1.2 A.2 GNSS spanning tree and loops

As illustrated in Fig. 8, a spanning tree of a connected graph \( \mathcal{G }\equiv \mathcal{G }(\mathcal{V }, \mathcal{E }) \) is a subgraph \( \mathcal{G }_\mathrm{st} \equiv \mathcal{G }_\mathrm{st}(\mathcal{V }, \mathcal{E }_\mathrm{st}) \) formed by \( n_\mathrm{v} \) vertices and \( n_\mathrm{v} - 1 \) edges, with no ‘cycle’ in it. Here, ‘cycle’ is used in the sense defined in algebraic graph theory (see, e.g., Biggs 1996). In the GNSS community, to avoid any confusion with the usual notion of wave cycle, the term of ‘loop’ can be substituted for that of ‘cycle.’ In this context, the number of loops defined through a given fixed (but arbitrary) spanning tree is the number of edges of \( \mathcal{E }\) that do not lie in \( \mathcal{E }_\mathrm{st} \,\). These edges, \( \mathrm{c}(\ell ) {\displaystyle {} \mathop {=}^\mathrm{\scriptscriptstyle def}{}}({\mathrm{r}}_{i_\ell } , \,\mathrm{s}_{j_\ell }) \), are said to be ‘(loop-)closure edges’ (see Fig. 8). Their number is denoted by \( n_\mathrm{c} \):

$$\begin{aligned} n_\mathrm{c} = n_\mathrm{e} - n_\mathrm{st} \end{aligned}$$

(84)

where

$$\begin{aligned} n_\mathrm{st} {\displaystyle {} \mathop {=}^\mathrm{\scriptscriptstyle def}{}}n_\mathrm{v} - 1 = n_\mathrm{r} + n_\mathrm{s} - 1 \end{aligned}$$

(85)

Many spanning trees of the same graph can be constructed. Here, we are going to present the Kruskal algorithm which is often used in algebraic graph theory (see Biggs 1996). The first step of this algorithm consists in ordering the edges of \(\mathcal{E }\), thus generating a sequence of the form \( \{ ({\mathrm{r}}_{i_q}, \,\mathrm{s}_{j_q}) : \; q =1, \ldots , n_\mathrm{e} \} \). The spanning tree is then obtained as follows. Set \( q =0 \), \( n_\mathrm{st}= 0 \), and \( \mathcal{E }_\mathrm{st} = \emptyset \) (the empty set). Then,

1. (i)

   if \( n_\mathrm{st} = n_\mathrm{v} - 1 \), terminate the process; otherwise, set \( q := q+1 \);

2. (ii)

   when the vertices of edge \( ({\mathrm{r}}_{i_q}, \mathrm{s}_{j_q})\) are not connected via edges of \( \mathcal{E }_\mathrm{st} \), set \( {\mathcal{E }_\mathrm{st}} := {\mathcal{E }_\mathrm{st}} \cup \{ (\mathrm{r}_{i_q}, \mathrm{s}_{j_q}) \} \), \( n_\mathrm{st} := n_\mathrm{st} + 1 \); then go to step (i).
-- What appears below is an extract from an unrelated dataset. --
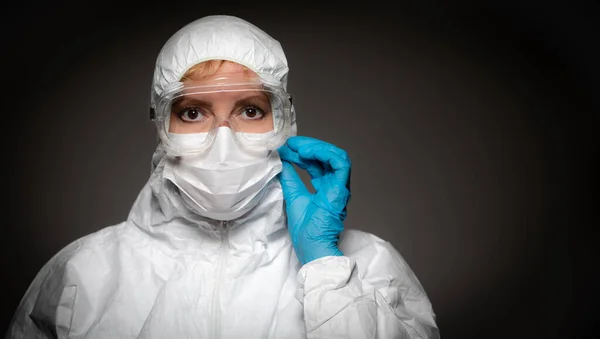 Ärztinnen Tragen Mundschutz Und Schutzausrüstung Vor Dunklem Hintergrund — Stockfoto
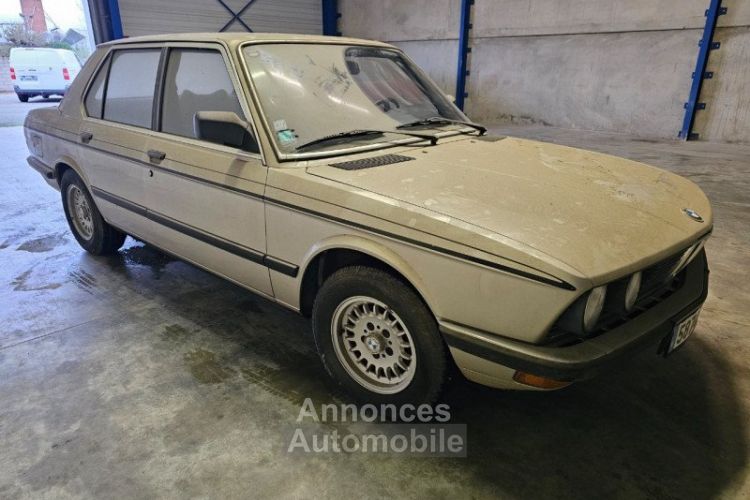 BMW Série 5 SERIE (E28) 525E BOITE AUTOMATIQUE - <small></small> 9.900 € <small>TTC</small> - #1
By construction, the spanning tree thus found depends on how the edges are ordered in the first step. The subgrid of \( {G}\) corresponding to the edges of \( \mathcal{G }_\mathrm{st} \) is denoted by \( {G}_\mathrm{st} \); \( {G}_\mathrm{c}\) is that corresponding to the closure edges:

$$\begin{aligned} {G}_\mathrm{c} {\displaystyle {} \mathop {=}^\mathrm{\scriptscriptstyle def}{}}\{(i,j) \in {G}: (i,j) \notin {G}_\mathrm{st} \} \end{aligned}$$

(86)

Clearly, \( {G}_\mathrm{c} \) includes \( n_\mathrm{c} \) loop-closure points; see Eq. (84) and Fig. 8.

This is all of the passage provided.